By William D. Cohan
The understandable hullabaloo about the shocking $2 billion loss by the rogue trader at UBS in London has obscured another momentous event in the world of Wall Street risk-taking: Wednesday’s announcement that Goldman Sachs was closing its Global Alpha Fund because of another year of poor performance.
For the year to date, Global Alpha, with about $1 billion in assets, was reportedly down about 12 percent, and investors were seeking redemptions. According to the letter sent to the fund’s investors, Goldman intends to close the fund and distribute around 90 percent of the assets back to investors, with the remainder held back pending the resolution of a legal claim made by Lehman Brothers Holdings, Inc.

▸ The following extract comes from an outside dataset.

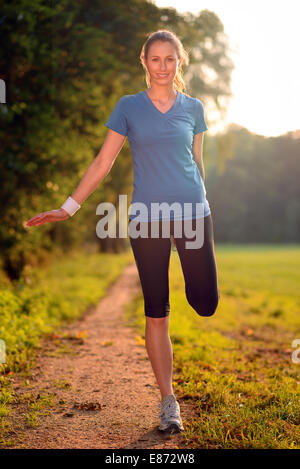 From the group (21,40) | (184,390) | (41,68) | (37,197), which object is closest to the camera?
(184,390)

Global Alpha was the brainchild of the legendary hedge-fund manager Cliff Asness, one of the original quant investors who used proprietary and highly sophisticated computer models to buy and sell baskets of stocks and other securities hoping to take advantage of the market’s failure to value them correctly. In late 1995, Asness persuaded Goldman to allow him and his team of high-powered mathematicians to use a small amount of Goldman partners’ money to start a fund.
In short order, the team turned the partners’ $10 million grubstake into $100 million. Goldman then opened the fund, named Global Alpha, to outside investors. (Asness once told me the firm used the pitch, “You get the Goldman secret sauce with this smart team.") The fund was a rocket ship, up 111 percent in 1996 and 42 percent in 1997. By that time, they were managing $7 billion in total. (In early 1998, Asness and his team left to start their own hedge-fund, Applied Quantitative Research. AQR now has $41 billion under management.)
After Asness left, Global Alpha had a mixed record but had managed to accumulate more than $11 billion in assets by 2007. But the fund collapsed that summer as the global markets began to implode and the magnitude of the financial crisis was becoming better known. In August 2007 alone, the fund was down 23 percent; it fell 40 percent for the year. To Goldman’s credit, though, it decided to see the Global Alpha fund through those hard times by investing $2 billion of its own money into it as well as another $1 billion from its well-healed clients, including billionaire Eli Broad; a C.V. Starr fund run by former AIG chief executive officer Hank Greenberg; and the hedge fund Perry Capital, whose founder Richard Perry was a Goldman alumnus.
By contrast, a month early Bear Stearns had allowed two if its hedge funds, with some $1.5 billion of investors’ capital, to collapse and then to be liquidated. The Great Recession was off to the races.